Exercise instructions.
Transcribe the entries that follow exactly as they appear, minus pictures.

Supplied information.
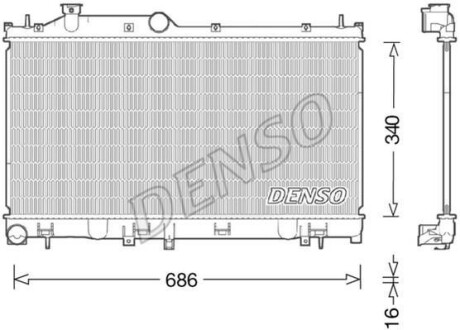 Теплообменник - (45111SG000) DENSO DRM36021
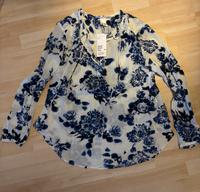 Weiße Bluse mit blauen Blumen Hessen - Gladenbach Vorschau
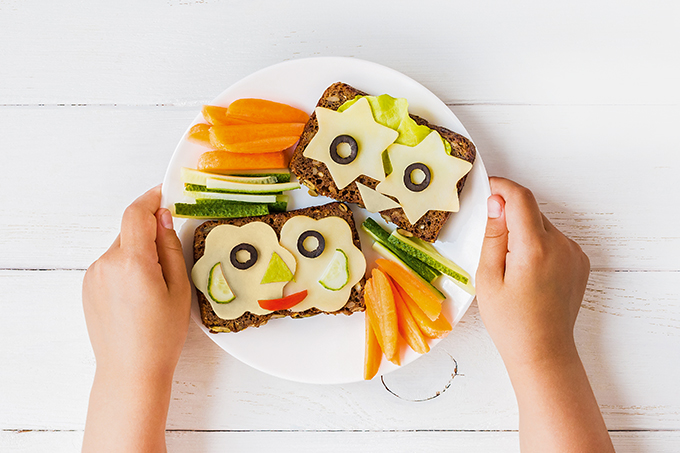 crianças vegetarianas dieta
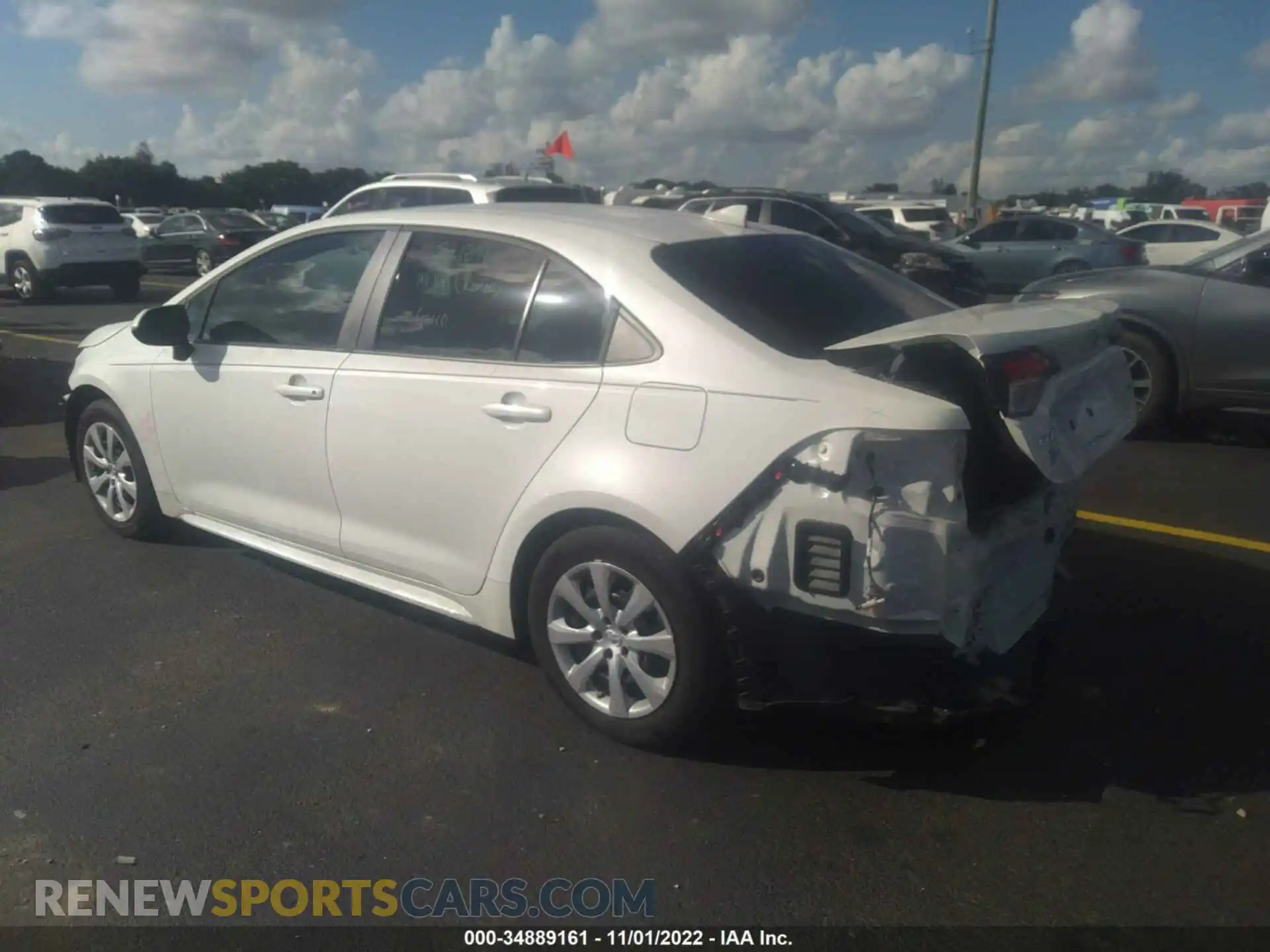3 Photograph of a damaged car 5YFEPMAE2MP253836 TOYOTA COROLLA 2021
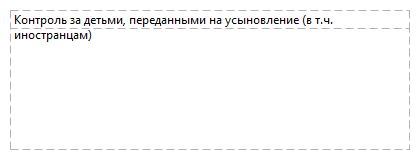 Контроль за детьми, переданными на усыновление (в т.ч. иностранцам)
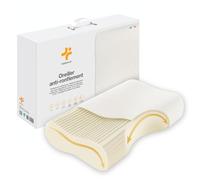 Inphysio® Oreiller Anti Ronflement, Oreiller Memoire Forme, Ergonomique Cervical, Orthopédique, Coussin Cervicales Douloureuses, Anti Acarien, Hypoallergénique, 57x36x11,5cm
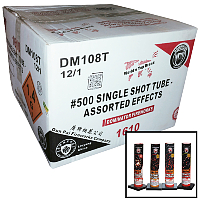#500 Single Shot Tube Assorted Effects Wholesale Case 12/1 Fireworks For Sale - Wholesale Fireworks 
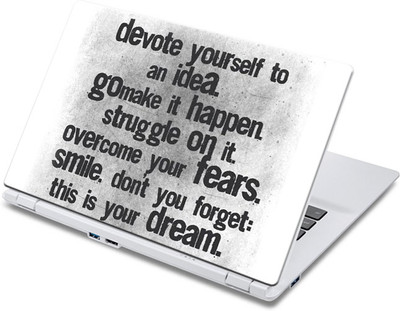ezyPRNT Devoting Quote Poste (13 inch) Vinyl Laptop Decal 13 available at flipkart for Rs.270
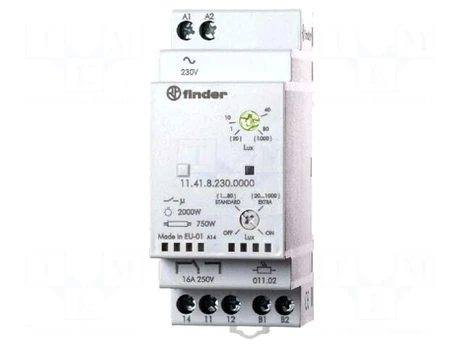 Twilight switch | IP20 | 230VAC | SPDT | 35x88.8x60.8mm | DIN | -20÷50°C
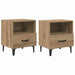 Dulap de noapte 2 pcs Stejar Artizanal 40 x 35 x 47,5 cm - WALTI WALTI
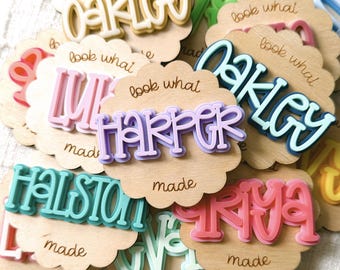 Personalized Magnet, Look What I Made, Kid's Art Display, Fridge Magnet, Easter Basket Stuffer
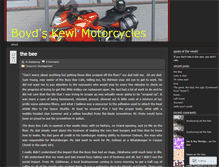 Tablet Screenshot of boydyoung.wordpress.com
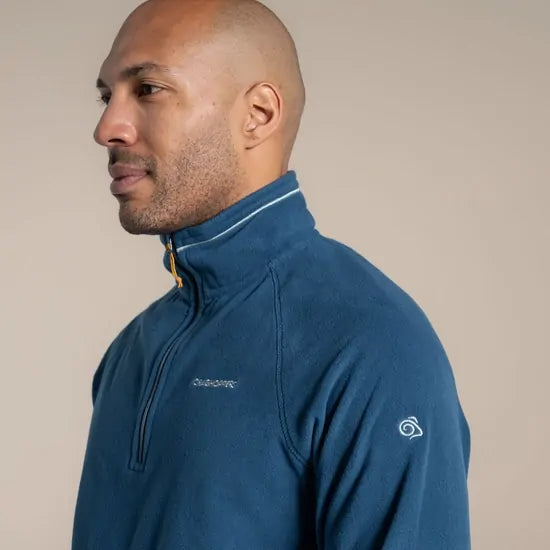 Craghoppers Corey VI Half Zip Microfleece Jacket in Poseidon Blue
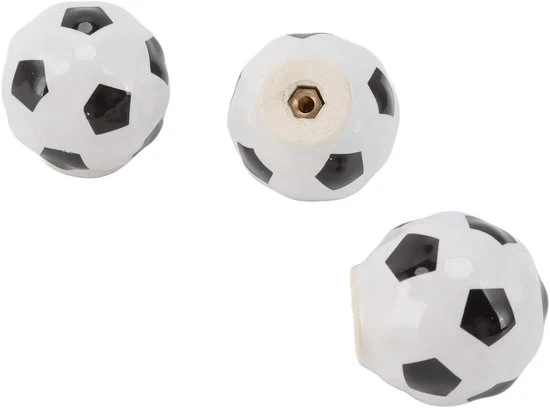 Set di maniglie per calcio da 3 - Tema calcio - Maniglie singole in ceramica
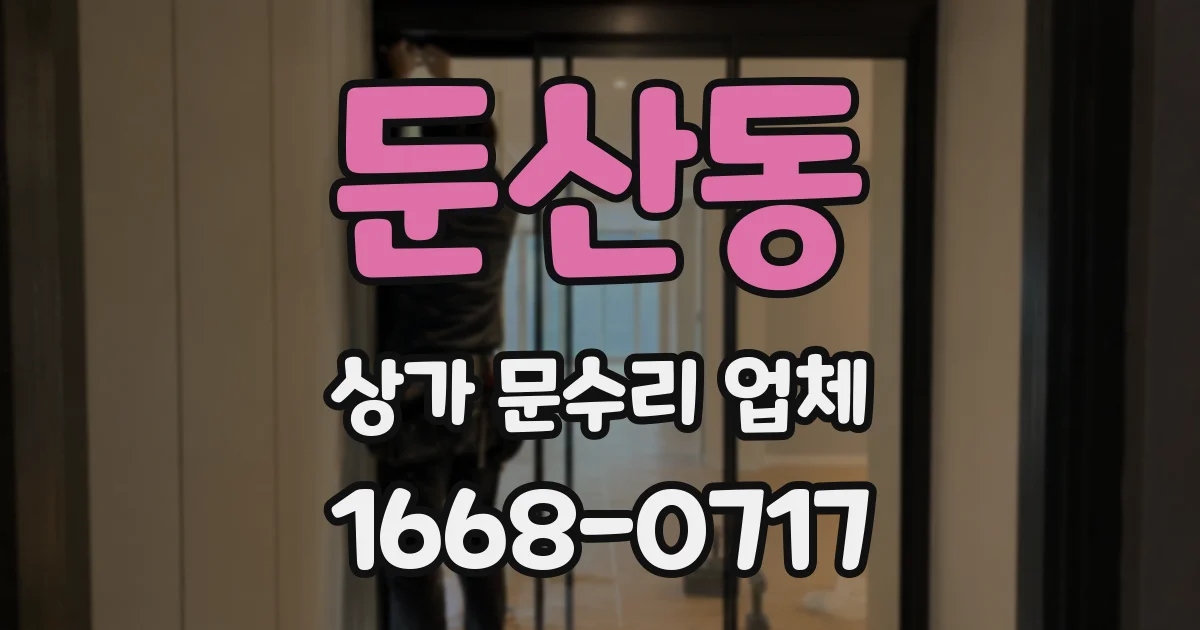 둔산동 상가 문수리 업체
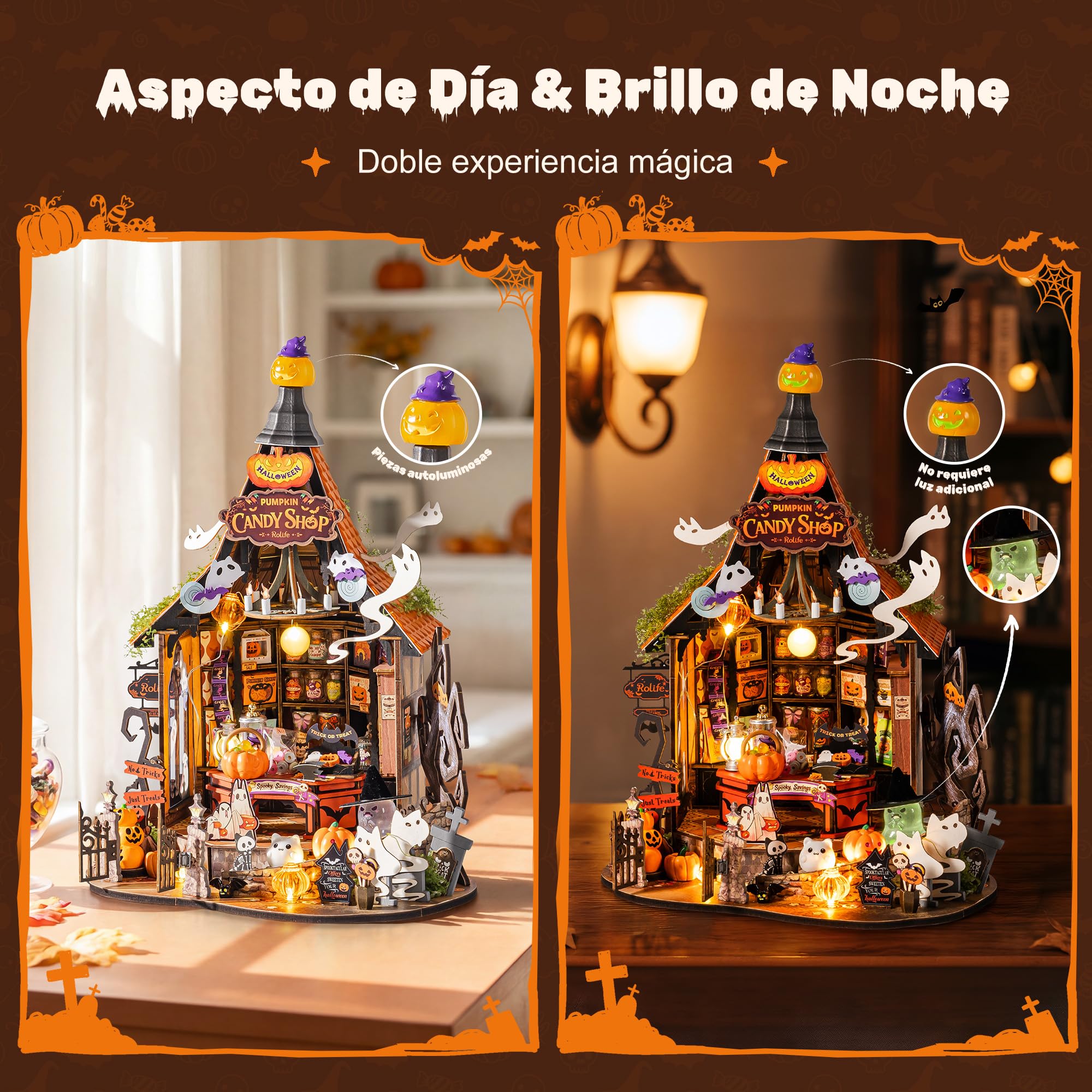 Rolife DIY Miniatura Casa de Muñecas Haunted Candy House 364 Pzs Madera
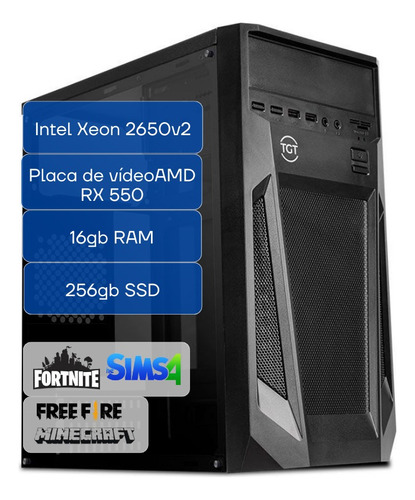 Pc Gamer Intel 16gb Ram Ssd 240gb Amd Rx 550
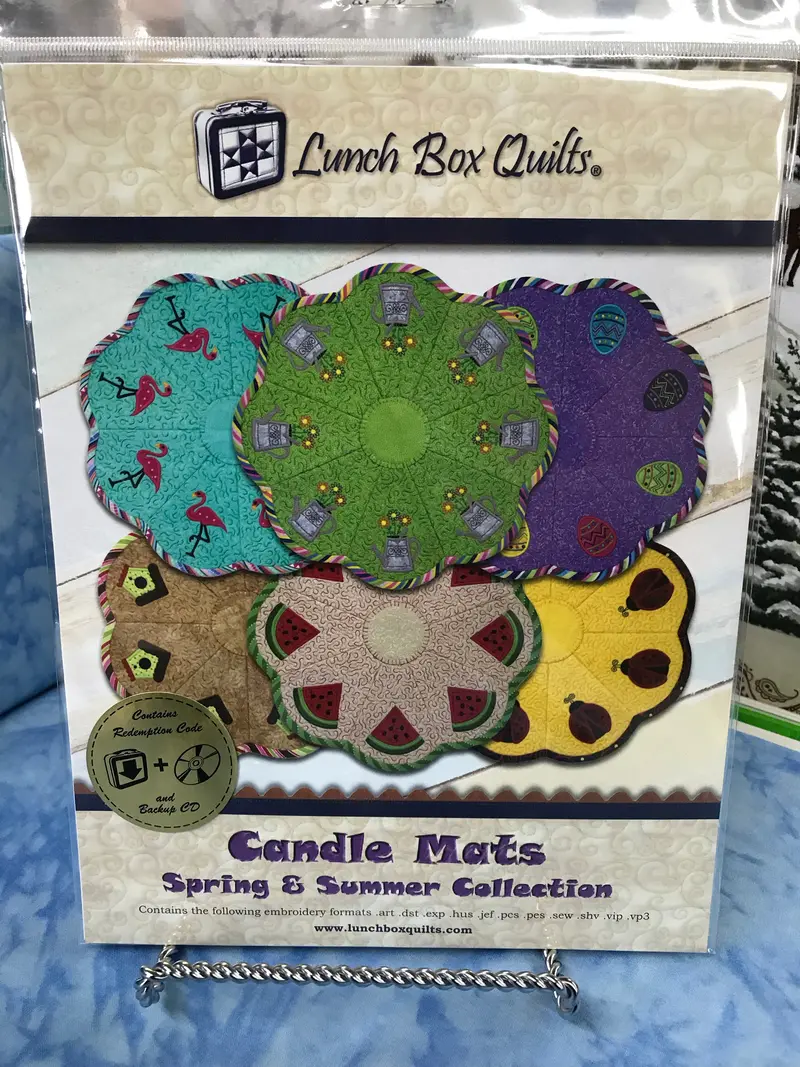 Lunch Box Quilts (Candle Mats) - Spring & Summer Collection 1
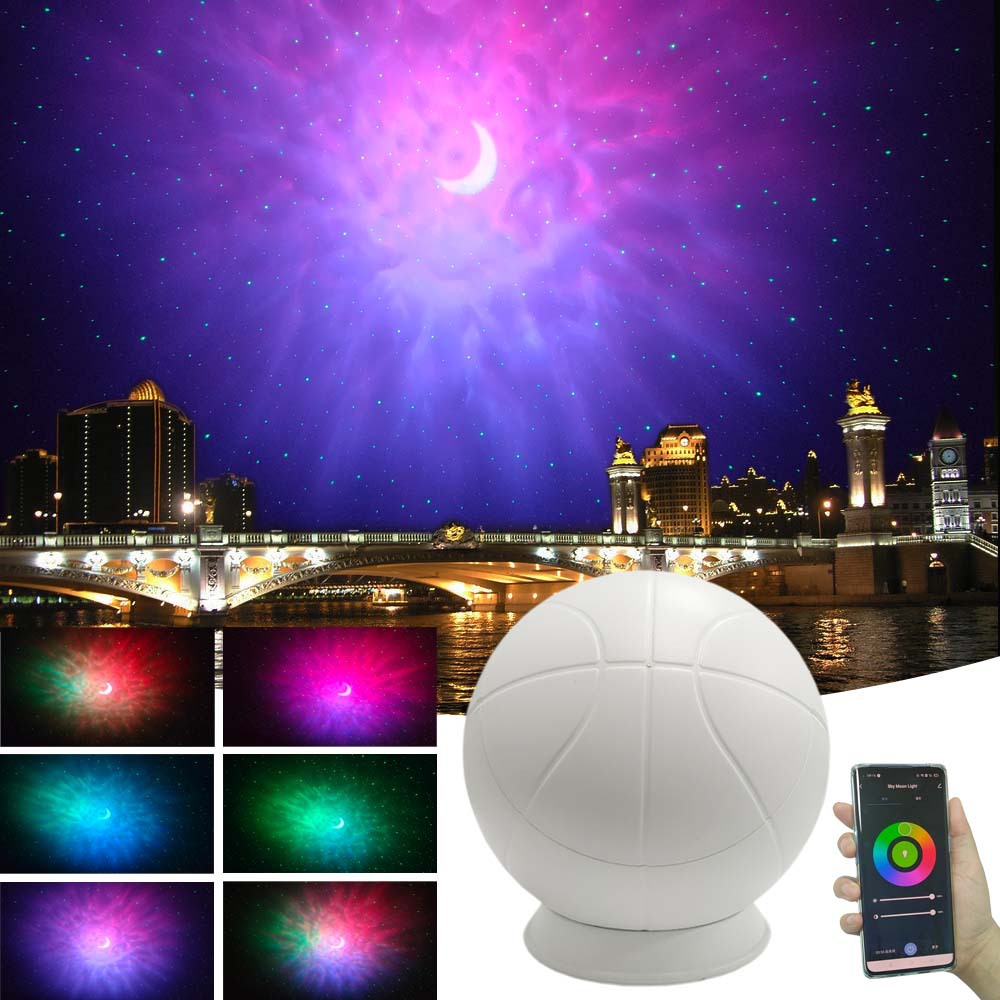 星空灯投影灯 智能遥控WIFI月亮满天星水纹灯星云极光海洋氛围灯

Exercise output.
 Теплообменник - (45111SG000) DENSO DRM36021
 Weiße Bluse mit blauen Blumen Hessen - Gladenbach Vorschau
 crianças vegetarianas dieta
3 Photograph of a damaged car 5YFEPMAE2MP253836 TOYOTA COROLLA 2021
 Контроль за детьми, переданными на усыновление (в т.ч. иностранцам)
 Inphysio® Oreiller Anti Ronflement, Oreiller Memoire Forme, Ergonomique Cervical, Orthopédique, Coussin Cervicales Douloureuses, Anti Acarien, Hypoallergénique, 57x36x11,5cm
#500 Single Shot Tube Assorted Effects Wholesale Case 12/1 Fireworks For Sale - Wholesale Fireworks 
ezyPRNT Devoting Quote Poste (13 inch) Vinyl Laptop Decal 13 available at flipkart for Rs.270
 Twilight switch | IP20 | 230VAC | SPDT | 35x88.8x60.8mm | DIN | -20÷50°C
 Dulap de noapte 2 pcs Stejar Artizanal 40 x 35 x 47,5 cm - WALTI WALTI
 Personalized Magnet, Look What I Made, Kid's Art Display, Fridge Magnet, Easter Basket Stuffer
 Tablet Screenshot of boydyoung.wordpress.com
 Craghoppers Corey VI Half Zip Microfleece Jacket in Poseidon Blue
 Set di maniglie per calcio da 3 - Tema calcio - Maniglie singole in ceramica
 둔산동 상가 문수리 업체
 Rolife DIY Miniatura Casa de Muñecas Haunted Candy House 364 Pzs Madera
 Pc Gamer Intel 16gb Ram Ssd 240gb Amd Rx 550
 Lunch Box Quilts (Candle Mats) - Spring & Summer Collection 1
 星空灯投影灯 智能遥控WIFI月亮满天星水纹灯星云极光海洋氛围灯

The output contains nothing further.